Nicholas Stamford is shadowed by guilt: his own, his brother’s, the legacy of war. A perfunctory visit to this dreary part of Gloucestershire wasn’t supposed to engage his heart, or his mind. Challenged by Miss Ellison’s fascinating blend of Bluestocking opinions, hoydenish behavior, and angelic voice, he finds the impossible becoming possible–he begins to care. But Lavinia’s aloof manner, society’s opposition and his ancestral obligations prove most frustrating, until scandal forces them to get along.
Can Lavinia and Nicholas look beyond painful pasts and present prejudice to see their future? And what will happen when Lavinia learns a family secret that alters everything she’s ever known?
Why I Choose this Book:
I originally ignored the offer to review this book as it looked too romantic for my tastes. After considering it though, and having it pitched to me with a Jane Austen angle, I reconsidered. Cause, Jane Austen. I very much disliked her work for years, but then was won over by her witty banter. I figured The Elusive Miss Ellison might prove to be the same way.

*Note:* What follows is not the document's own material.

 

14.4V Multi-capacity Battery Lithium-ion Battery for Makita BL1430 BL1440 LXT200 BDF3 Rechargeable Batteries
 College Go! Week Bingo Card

What I Thought about this Book:
Apparently I kinda forgot what it was like to read a book that’s main plot is romance, and it’s a bit more tedious than I had remembered. I’m all for a light dosage of romance in books, cause that’s realistic. But when it’s the whole plot? Well….

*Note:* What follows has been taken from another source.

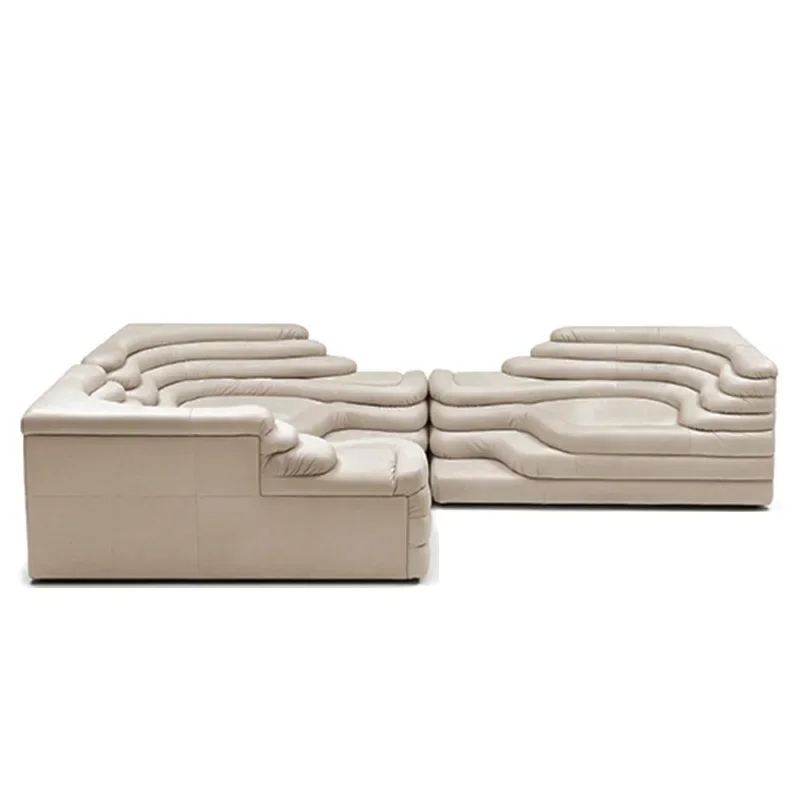 

Vintage terraced sofa leather special-shaped module Internet celebrity sofa chair clothing store villa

I am happy to say that the author did an okay job of not making the focus of the romance be totally on the outward appearances (although there was more of that than I would have liked). The author did a good job of keeping it fairly safe and non-detailed (for the most part). And, another good point for the author goes to the fact that there was a lot of good, useful Biblical teachings sprinkled throughout the book. They were presented in such a way that it didn’t feel preachy, and yet they gave the book purpose.
Overall I didn’t not like the book. In fact, I enjoyed parts of it, and it did keep me wanting to find out what happened next. Then came the plot twist – and well, the plot twist wasn’t really my cup of tea. It kinda left me shaking my head, and wondering why it had been added.

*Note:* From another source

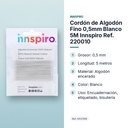 CORDÓN DE ALGODÓN FINO 0,5MM  BLANCO 5M INNSPIRO REF. 220010 - características principales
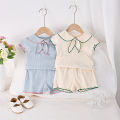 Summer Baby Girls 2-Piece Doll Neck Bow Short Sleeve Top + Shorts Casual Suit.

The character development was pretty good throughout the book. The characters were (for the most part) believable, and I also liked the main characters. The book very much had a Jane Austen feel to it, which was fun.
So, this isn’t a book that I will probably re-read, nor is it one that I would necessarily recommend, but I don’t not recommend it either. It was a breezy read with some good components.
I’m giving The Elusive Miss Ellison 3 out of 5 stars, and 4 out of 10.